Les gestes rendus lents par la longue inertie de sa captivité et la prudence, Orphéys se remit debout tout en jaugeant ceux qui lui faisaient face. Silesta prit le temps de mieux le détailler en restant sur ses gardes. Orphéys avait beau être comme les autres membres de sa race, il dégageait une aura puissante qui ne laissait aucun doute sur son ascendance royale. La multitude de tatouages sombres qui bardaient l'ensemble de son corps jusqu'à son crâne rasé renforçait la prestance qui se lisait dans ses yeux fiers et alertes.

Il tendit tout à coup la main et une ancienne épée abandonnée lors d'un combat vint se loger directement dans sa paume. Les aventuriers ancrèrent leurs pieds dans le sol et se tendirent. Il avait vite fait d'occulter le fait qu'ils l'avaient libéré.

Après un nouveau regard plein de défiance du prince sur eux, une sensation inconnue les frappa de plein fouet, comme si un hurlement silencieux leur perforait l'esprit. Il sondait leur tête.

« Vous empestez l'illithid à plein nez, cracha-t-il avec révulsion. Vous avez exploité mes pouvoirs de manière éhontée, massacré mes gardes...

_ Et si on passait directement aux trois dernières minutes de l'histoire ? Au moment où Lae'zel a choisi de vous éviter de vous faire manger la cervelle ? » proposa Astarion avec un sourire plein de bonne volonté.

Orphéys fronça du nez et finit par ranger l'épée qu'il tenait au fourreau vide de sa ceinture.

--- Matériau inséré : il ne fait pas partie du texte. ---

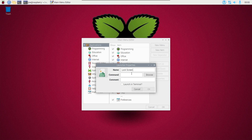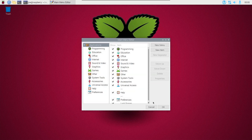In the command box type 'dm-tool lock', then click OK, click OK and we can test it from the menu.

« Hmm. Il semblerait bien que nous n'ayons d'autres choix que d'unir nos forces. »

Cet aveu, quoique gorgé de mauvaise grâce, suffit à rasséréner nos amis qui se mirent au repos en même temps qu'Orphéys. Les prunelles de Lae'zel se mirent à briller avec adoration.

« Votre Majesté. Prince de la Comète, héritier légitime de Gith. C'est un honneur », déclara-t-elle en s'inclinant.

Orphéys n'eut que faire de la présence d'une homologue dans l'assemblée face à lui. Pire encore, il semblait prendre ombrage de l'ébauche de soulagement qui apaisait ces figures.

« Ne vous avisez pas de me prendre de haut », siffla-t-il d'un air mauvais.

Le prince se doutait bien que ce n'était que par intérêt qu'il avait été libéré et il n'oublierait et ne pardonnerait jamais la manière dont ses « sauveurs » avaient exploité ses pouvoirs.

En dépit de tout le respect qu'elle éprouvait pour son prince, Lae'zel ne put s'empêcher de s'ébrouer face à ce ressentiment et tenta de se justifier. C'était l'Empereur qui menait la danse depuis le début, il s'était servi d'eux pour sa propre survie.

« Je vous ai libéré dès que j'en ai eu l'occasion, insista-t-elle avec ferveur.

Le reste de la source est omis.